Yuri Albert's Evening

Yuri Albert's Evening
Dates 11 May 2011
Address Stella Art Foundation
Skaryatinsky pereulok, 7

Going on ahead, I would say at once: Yuri Albert is an artist whom I love, respect and value very highly. Let that suffice for the present. More about it later. Now to the matter in hand.

I made Yuri’s acquaintance a long time ago, at the start of the 1980s. In fact, if my memory serves me right, precisely in 1980. I think it was in the summer. And I think it was at the very time when an idiotic inflatable bear drifted above his and my native city, floating up and down under the clouds as a symbol of the shameful, ambiguous and to us utterly alien celebration, which was called the 1980 Olympic Games. We experienced those days as both comical and repugnant. But we had a full understanding by that time of just where we lived.
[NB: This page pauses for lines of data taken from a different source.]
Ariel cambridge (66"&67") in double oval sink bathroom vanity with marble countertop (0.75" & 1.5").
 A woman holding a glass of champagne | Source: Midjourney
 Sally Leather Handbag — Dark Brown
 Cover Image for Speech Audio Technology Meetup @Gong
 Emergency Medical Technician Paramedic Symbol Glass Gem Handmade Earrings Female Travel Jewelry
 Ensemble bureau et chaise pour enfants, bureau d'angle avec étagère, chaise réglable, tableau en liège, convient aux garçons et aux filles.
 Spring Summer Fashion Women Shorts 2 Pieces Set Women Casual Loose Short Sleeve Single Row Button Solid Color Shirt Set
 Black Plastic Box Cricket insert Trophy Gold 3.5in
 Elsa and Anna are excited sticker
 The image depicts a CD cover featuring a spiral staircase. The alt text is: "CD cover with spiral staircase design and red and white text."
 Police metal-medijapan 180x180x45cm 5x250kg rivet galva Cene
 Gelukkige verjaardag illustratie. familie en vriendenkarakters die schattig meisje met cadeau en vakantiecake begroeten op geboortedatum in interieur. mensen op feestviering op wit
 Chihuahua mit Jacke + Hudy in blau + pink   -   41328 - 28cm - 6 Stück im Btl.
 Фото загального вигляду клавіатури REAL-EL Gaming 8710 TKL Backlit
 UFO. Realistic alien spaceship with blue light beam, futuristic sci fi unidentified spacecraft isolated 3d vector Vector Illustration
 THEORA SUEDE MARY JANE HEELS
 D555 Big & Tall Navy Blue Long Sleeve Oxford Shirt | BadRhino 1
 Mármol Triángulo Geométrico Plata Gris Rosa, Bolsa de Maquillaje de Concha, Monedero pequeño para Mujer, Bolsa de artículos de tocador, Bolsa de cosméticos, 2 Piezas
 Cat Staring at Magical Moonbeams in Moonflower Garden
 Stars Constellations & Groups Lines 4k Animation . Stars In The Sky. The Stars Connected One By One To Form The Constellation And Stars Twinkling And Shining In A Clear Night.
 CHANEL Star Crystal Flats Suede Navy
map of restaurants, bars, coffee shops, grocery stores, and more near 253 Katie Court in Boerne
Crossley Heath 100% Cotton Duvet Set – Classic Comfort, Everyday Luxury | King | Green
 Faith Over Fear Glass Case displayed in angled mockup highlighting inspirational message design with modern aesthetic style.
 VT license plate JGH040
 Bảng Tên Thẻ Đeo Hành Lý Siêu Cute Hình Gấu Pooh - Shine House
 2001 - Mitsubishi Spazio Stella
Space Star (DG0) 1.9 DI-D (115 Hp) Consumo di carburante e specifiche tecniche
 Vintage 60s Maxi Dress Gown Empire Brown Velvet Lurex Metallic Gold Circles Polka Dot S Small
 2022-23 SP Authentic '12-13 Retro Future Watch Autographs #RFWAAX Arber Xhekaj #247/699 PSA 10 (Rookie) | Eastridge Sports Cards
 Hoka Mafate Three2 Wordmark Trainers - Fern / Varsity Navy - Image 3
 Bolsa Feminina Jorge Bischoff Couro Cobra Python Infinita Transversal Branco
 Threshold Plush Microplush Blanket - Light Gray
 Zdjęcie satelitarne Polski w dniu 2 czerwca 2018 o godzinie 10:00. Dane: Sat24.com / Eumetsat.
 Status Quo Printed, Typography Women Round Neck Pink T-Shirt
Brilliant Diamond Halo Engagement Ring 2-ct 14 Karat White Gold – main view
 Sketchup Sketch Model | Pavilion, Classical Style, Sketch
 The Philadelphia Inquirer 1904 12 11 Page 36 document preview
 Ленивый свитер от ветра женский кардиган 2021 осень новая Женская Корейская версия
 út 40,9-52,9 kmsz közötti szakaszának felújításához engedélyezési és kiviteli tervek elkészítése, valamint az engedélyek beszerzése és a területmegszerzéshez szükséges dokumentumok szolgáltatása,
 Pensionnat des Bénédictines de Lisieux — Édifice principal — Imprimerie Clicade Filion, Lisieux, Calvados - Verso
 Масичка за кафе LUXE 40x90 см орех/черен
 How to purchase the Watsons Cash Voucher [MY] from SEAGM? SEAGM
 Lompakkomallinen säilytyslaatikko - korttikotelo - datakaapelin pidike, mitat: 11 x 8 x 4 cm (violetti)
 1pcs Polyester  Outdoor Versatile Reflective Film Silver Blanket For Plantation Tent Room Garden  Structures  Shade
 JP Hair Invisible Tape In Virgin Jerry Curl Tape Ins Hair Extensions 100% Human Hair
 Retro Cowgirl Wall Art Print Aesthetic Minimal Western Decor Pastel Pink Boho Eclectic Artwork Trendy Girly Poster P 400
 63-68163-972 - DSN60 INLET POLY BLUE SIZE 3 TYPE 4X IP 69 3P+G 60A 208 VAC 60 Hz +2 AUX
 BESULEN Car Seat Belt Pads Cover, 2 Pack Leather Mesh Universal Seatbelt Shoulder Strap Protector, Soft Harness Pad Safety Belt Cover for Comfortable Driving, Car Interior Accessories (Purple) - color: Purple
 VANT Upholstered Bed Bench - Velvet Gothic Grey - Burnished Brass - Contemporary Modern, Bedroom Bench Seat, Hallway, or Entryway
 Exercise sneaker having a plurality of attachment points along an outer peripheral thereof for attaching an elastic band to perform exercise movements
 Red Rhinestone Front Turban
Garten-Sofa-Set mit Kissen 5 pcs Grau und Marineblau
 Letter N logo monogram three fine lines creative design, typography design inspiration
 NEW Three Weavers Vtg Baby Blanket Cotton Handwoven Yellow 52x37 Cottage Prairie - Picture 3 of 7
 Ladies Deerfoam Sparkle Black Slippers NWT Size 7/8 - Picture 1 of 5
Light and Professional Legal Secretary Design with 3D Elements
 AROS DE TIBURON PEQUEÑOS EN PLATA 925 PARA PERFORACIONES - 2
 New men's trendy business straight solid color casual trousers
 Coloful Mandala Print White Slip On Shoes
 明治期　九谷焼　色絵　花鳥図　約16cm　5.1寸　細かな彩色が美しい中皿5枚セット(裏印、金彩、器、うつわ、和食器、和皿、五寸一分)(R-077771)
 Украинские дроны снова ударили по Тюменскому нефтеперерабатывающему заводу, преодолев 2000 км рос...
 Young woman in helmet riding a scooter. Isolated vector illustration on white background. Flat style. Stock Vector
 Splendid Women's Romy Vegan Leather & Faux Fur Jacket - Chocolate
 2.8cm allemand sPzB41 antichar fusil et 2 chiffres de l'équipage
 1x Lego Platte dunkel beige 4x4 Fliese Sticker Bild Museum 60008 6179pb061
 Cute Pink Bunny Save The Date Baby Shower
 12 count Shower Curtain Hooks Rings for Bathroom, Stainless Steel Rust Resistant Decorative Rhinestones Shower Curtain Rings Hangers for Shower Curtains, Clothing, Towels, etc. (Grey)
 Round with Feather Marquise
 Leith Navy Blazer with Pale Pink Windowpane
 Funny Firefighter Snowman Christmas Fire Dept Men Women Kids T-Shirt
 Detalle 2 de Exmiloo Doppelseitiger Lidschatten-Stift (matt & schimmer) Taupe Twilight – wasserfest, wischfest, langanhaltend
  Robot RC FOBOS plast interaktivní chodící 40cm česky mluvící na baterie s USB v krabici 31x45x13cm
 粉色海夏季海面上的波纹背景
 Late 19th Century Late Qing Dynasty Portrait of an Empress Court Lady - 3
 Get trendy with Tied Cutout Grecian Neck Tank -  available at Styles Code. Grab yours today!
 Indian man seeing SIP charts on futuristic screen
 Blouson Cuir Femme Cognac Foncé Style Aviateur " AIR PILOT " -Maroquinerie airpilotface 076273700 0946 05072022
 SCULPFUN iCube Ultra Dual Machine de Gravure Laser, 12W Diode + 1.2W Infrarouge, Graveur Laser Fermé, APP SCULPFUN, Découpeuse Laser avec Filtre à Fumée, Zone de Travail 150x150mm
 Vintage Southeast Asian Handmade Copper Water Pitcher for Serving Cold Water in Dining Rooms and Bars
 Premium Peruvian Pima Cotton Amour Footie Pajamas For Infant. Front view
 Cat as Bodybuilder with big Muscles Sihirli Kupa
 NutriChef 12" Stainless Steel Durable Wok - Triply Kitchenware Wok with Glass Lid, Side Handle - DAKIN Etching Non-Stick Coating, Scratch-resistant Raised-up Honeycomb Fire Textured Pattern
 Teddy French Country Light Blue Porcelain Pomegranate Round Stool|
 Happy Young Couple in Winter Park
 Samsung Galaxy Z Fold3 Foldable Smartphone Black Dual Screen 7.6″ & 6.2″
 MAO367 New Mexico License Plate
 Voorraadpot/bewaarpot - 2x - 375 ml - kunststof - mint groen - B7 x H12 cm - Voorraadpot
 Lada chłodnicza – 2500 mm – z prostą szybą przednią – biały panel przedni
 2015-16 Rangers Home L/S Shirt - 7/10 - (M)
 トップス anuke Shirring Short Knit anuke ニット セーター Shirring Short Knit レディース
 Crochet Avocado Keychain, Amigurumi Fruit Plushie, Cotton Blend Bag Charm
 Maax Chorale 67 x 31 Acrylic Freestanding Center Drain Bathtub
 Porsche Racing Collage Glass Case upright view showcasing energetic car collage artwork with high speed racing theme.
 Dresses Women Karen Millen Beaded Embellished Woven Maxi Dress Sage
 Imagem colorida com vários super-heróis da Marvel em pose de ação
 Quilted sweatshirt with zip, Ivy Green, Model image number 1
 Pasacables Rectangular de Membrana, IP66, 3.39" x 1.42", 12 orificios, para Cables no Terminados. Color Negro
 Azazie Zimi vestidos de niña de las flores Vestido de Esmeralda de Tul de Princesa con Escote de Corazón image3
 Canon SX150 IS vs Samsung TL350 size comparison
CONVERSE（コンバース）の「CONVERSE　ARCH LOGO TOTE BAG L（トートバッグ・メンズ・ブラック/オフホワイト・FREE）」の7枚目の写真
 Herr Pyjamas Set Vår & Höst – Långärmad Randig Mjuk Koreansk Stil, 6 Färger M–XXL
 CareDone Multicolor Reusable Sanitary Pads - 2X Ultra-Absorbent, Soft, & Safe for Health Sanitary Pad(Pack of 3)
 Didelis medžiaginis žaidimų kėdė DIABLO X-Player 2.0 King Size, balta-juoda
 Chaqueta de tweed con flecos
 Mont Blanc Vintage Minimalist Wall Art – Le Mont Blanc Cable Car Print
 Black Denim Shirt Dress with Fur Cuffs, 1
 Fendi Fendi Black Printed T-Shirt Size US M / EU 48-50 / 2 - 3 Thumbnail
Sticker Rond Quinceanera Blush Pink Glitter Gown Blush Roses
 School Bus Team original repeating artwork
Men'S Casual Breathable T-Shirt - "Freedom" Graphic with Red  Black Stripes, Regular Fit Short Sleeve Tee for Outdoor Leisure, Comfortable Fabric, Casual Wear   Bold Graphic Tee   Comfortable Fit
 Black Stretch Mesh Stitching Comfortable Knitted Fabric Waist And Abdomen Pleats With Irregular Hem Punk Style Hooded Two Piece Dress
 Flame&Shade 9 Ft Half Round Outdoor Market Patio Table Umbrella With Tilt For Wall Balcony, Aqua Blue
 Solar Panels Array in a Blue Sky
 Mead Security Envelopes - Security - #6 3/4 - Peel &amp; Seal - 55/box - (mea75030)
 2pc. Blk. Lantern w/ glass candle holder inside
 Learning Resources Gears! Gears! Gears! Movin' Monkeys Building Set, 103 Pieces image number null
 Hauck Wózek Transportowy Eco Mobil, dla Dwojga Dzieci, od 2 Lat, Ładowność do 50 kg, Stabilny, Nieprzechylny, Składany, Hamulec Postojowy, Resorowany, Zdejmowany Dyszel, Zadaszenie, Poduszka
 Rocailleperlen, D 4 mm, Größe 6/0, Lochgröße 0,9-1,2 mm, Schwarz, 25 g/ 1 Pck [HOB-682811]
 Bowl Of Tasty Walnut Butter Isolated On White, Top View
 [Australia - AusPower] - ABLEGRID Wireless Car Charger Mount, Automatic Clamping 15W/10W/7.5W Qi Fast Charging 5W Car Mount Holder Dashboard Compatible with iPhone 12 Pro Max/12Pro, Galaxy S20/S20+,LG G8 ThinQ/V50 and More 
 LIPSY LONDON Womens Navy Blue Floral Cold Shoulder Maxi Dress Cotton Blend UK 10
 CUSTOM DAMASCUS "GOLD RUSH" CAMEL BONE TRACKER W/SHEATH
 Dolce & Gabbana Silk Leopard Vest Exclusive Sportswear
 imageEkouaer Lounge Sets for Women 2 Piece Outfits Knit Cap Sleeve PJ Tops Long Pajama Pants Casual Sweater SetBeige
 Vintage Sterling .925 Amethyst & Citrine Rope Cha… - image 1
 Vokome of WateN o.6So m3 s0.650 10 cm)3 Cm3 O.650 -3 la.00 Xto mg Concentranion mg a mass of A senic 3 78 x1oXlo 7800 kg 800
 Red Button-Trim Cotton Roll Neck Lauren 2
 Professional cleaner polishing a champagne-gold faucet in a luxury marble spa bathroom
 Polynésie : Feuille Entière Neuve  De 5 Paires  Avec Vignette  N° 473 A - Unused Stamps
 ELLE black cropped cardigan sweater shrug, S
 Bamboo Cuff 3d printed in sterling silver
If I remember correctly, it was at Andrei Monastyrsky’s apartment that I was introduced to a slight young man, towards whom I immediately felt well-disposed on account of his manner of communicating, which combined self-respect with the most complete good will. Such a combination was a rarity at the time and is even more so today.

In all the long years we have known each other and been friends Yuri Albert has never once disappointed me. He has always been even-tempered, friendly and — what is most important — remarkably consistent, humble and committed in the pursuit of his art. I have seen him grow steadily as an artist and a thinking individual, without agitation or external pathos, and without abrupt and vain oscillations.

It is important to know that Yuri Albert is a conceptualist. Honest, tranquil, and confident of having made the right choice. He has been a conceptualist and remains one, despite the frequent nervous spasms of friends and colleagues who cry out in their sleep: “Conceptualism is dead! We don’t exist! Forward! Back! Onwards to new shores! Onwards to old shores! Whatever!”

Nervous people — what can you do? It is something I have been guilty of myself.

But Yuri doesn’t shout and flap his wings. He lives and works. He communicates with people, loves art and loves his friends. And he also loves his friends’ art.

And he is infinitely right. Because, as Victor Shklovsky said long ago, “It is a mistake to try and get into the world of great literature, because great literature will turn out to be right where we are — standing and calmly demonstrating that this place is the most important place”.